= Human trafficking in Ohio =

Human trafficking in Ohio is the illegal trade of human beings for the purposes of reproductive slavery, commercial sexual exploitation, and forced labor as it occurs in the state of Ohio, and it is widely recognized as a modern-day form of slavery. It includes "the recruitment, transportation, transfer, harboring or receipt of persons by means of threat or use of force or other forms of coercion, of abduction, of fraud, of deception, of the abuse of power, forced intake of drugs, or of a position of vulnerability or of the giving or receiving of payments or benefits to achieve the consent of a person having control over another person, for the purpose of exploitation. Exploitation shall include, at a minimum, the exploitation of the prostitution of others or other forms of sexual exploitation, forced labor services, slavery or practices similar to slavery, servitude or the removal of organs."

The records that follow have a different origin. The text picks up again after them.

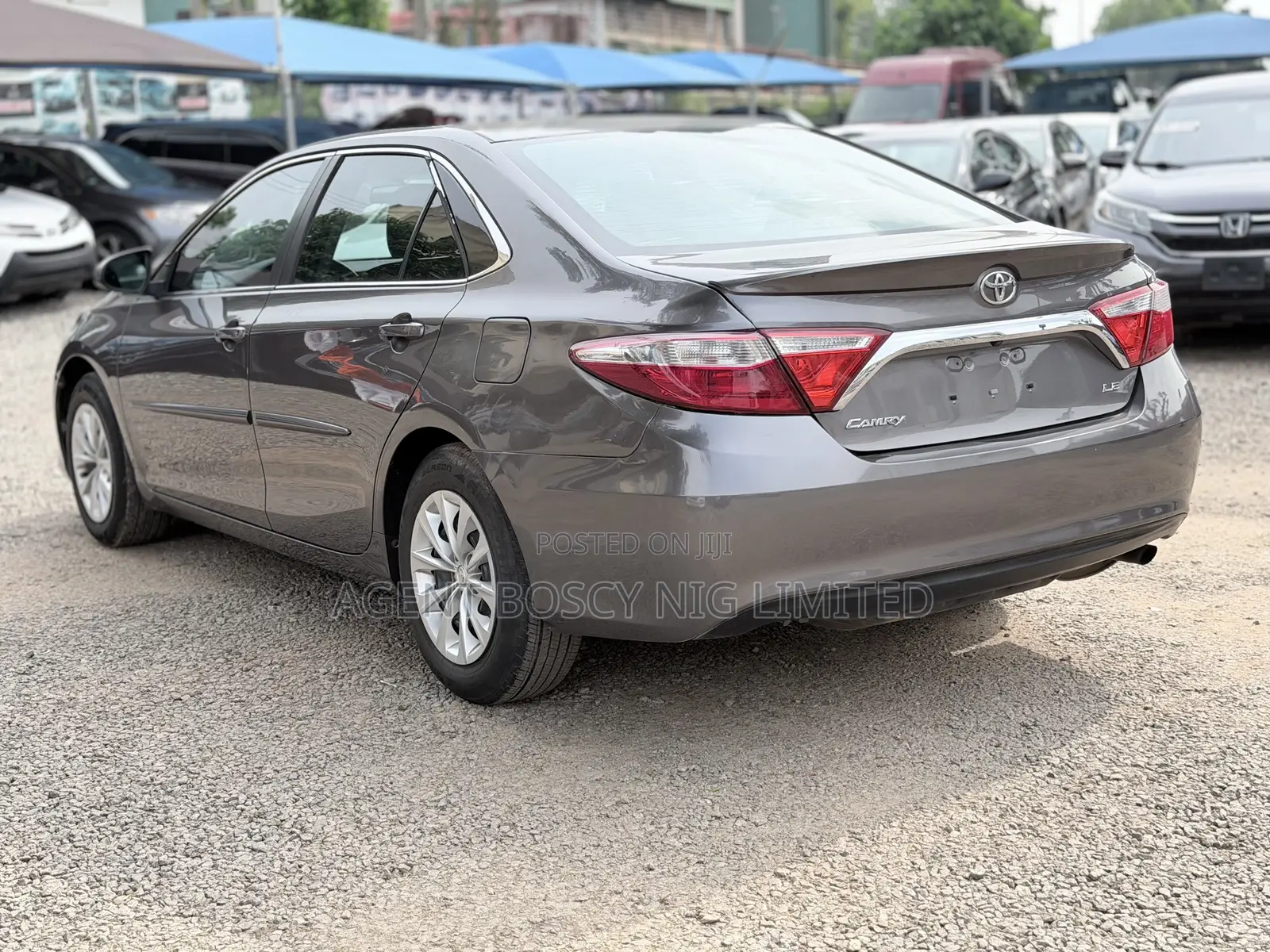 Toyota Camry LE 4dr Sedan (2.5L 4cyl 6A) 2016 Gray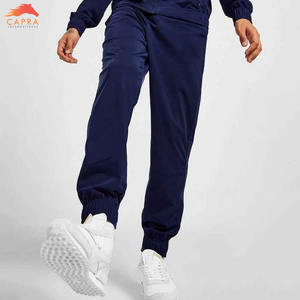 Chándal de entrenamiento para hombre de cuello alto, Otoño Invierno, cálido, transpirable, suave, de poliéster, con cremallera de patrón sólido de alta calidad - Product Image 6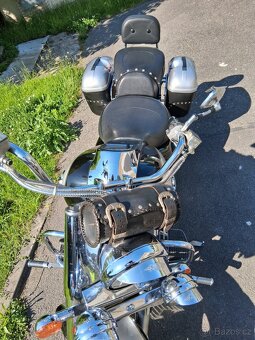 Suzuki VL 1500 Intruder - 9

Ohio is particularly vulnerable to human trafficking because it has both large urban centers and rural counties and a large transient and immigrant population, as well as five major highways with easy access to other states and Canada. 24 out of 88 counties have no human-trafficking training or access to victim services. A recent study estimated that between 2014-2016, 1,032 Ohio youth and young adults were victims of human trafficking. The National Human Trafficking Resource Center reported receiving 1,066 calls and emails in 2015 about human trafficking in Ohio.

== Ohio Human Trafficking Task Force ==
The Ohio Human Trafficking Task Force was created by executive order on March 29, 2012. It coordinates efforts between 11 departments to identify and rescue victims, to coordinate investigation of human trafficking cases, and to provide the services and treatment for victims. Since then, Ohio has spent $2 million on programs for trafficking victims. In Franklin County, Judge Paul Herbert established a program called Changing Actions to Change Habits (CATCH court), which is a two-year probation program for adult victims of human trafficking that allows them to have their prior convictions dismissed.

== Ohio laws ==
"H.B. 262 [The Ohio Human Trafficking Act of 2012] raised the penalty for committing the crime of human trafficking to a first-degree felony with a mandatory minimum sentence of 10–15 years, ... created a diversion program for juvenile victims to receive protection and treatment," and "allows for adult victims of human trafficking with prior convictions of prostitution or solicitation to have their records expunged."

== Advocacy organizations ==
- Central Ohio Rescue and Restore is an organization that provides "a collaborative community response to human trafficking in central Ohio through education, services, advocacy, and prosecution."
- Summit County Collaborative Against Human Trafficking is an organization centered in Summit County that seeks to increase awareness of human trafficking.
Lucas County Human Trafficking Coalition is a 71 member coalition that covers the NW Ohio region.
The Human Trafficking and Social Justice Institute at the University of Toledo conducts research, teaches, and organizes to respond to human trafficking in Ohio, the U.S., and world.